Data section →
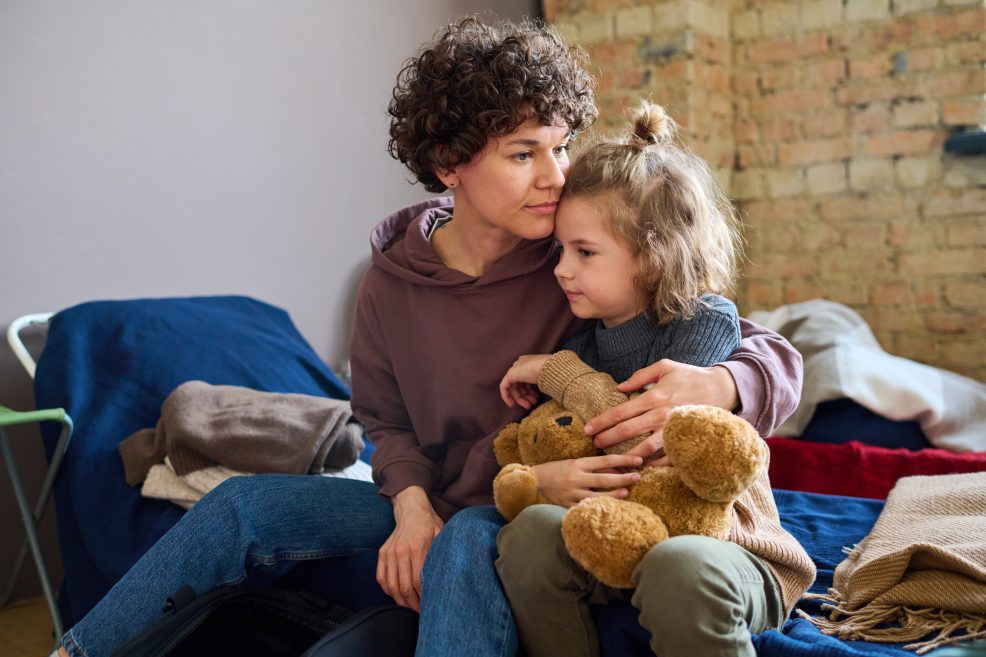 Young mother giving hug to her child with brown soft teddy bear while sitting on a cot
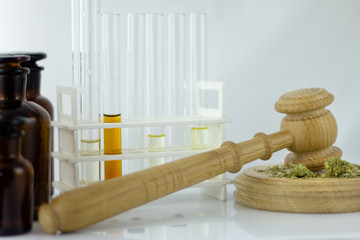 Obraz na płótnie Canvas Cannabis oil with apothecary jar and wooden judge hammer with sound block on the white mirror background - legal and illegal cannabis.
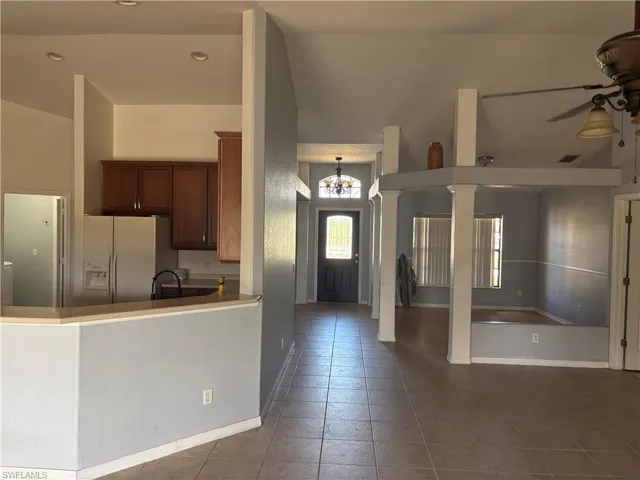 Kitchen with ceiling fan with notable chandelier, white fridge with ice dispenser, visible vents, tile patterned floors, and open floor plan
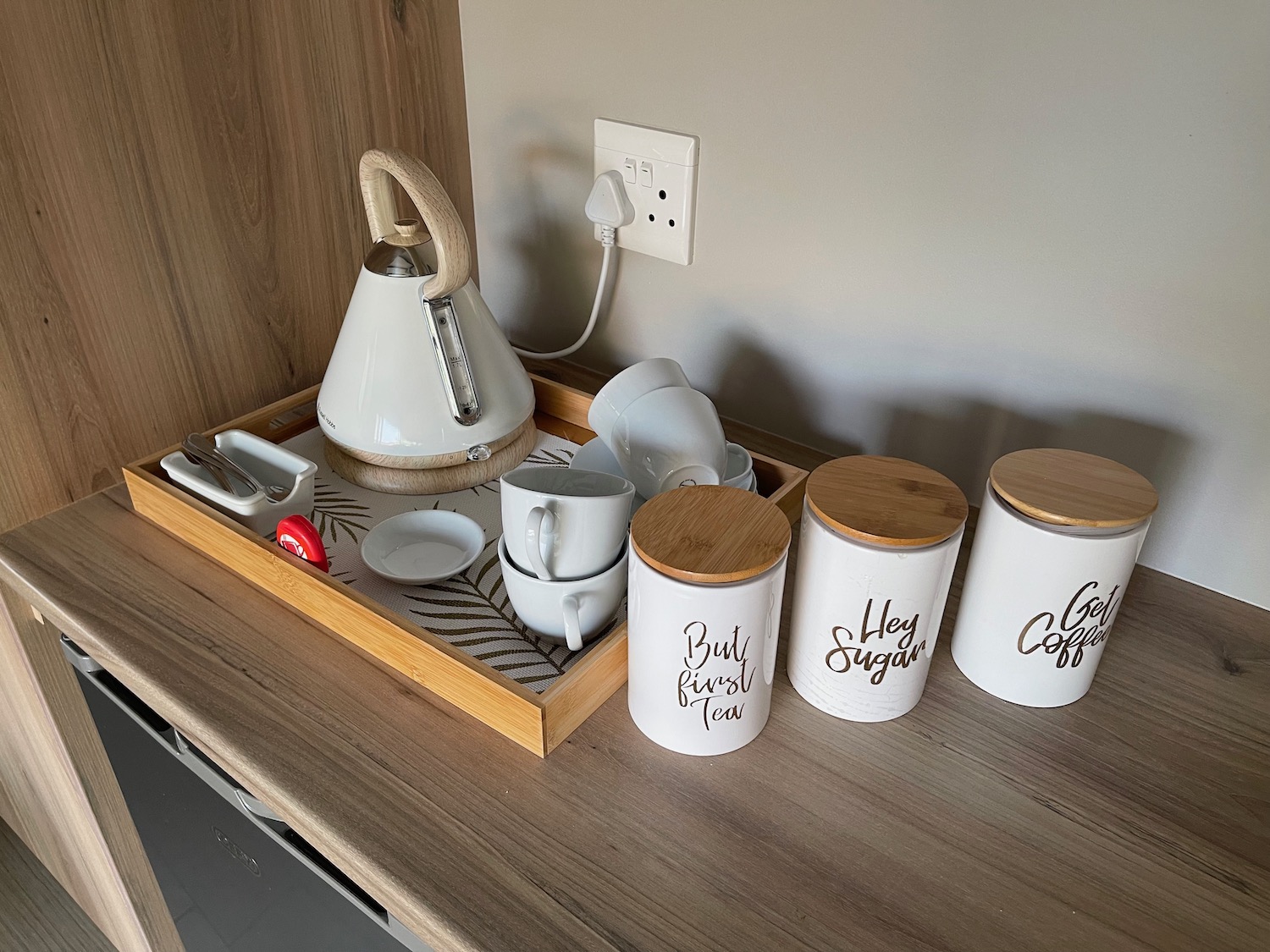 a tray of white coffee cups and teapots on a counter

Action item →
In repeating the lines above, keep the wording exact and leave every picture out.

Written solution →
 Young mother giving hug to her child with brown soft teddy bear while sitting on a cot
 Obraz na płótnie Canvas Cannabis oil with apothecary jar and wooden judge hammer with sound block on the white mirror background - legal and illegal cannabis.
 Kitchen with ceiling fan with notable chandelier, white fridge with ice dispenser, visible vents, tile patterned floors, and open floor plan
 a tray of white coffee cups and teapots on a counter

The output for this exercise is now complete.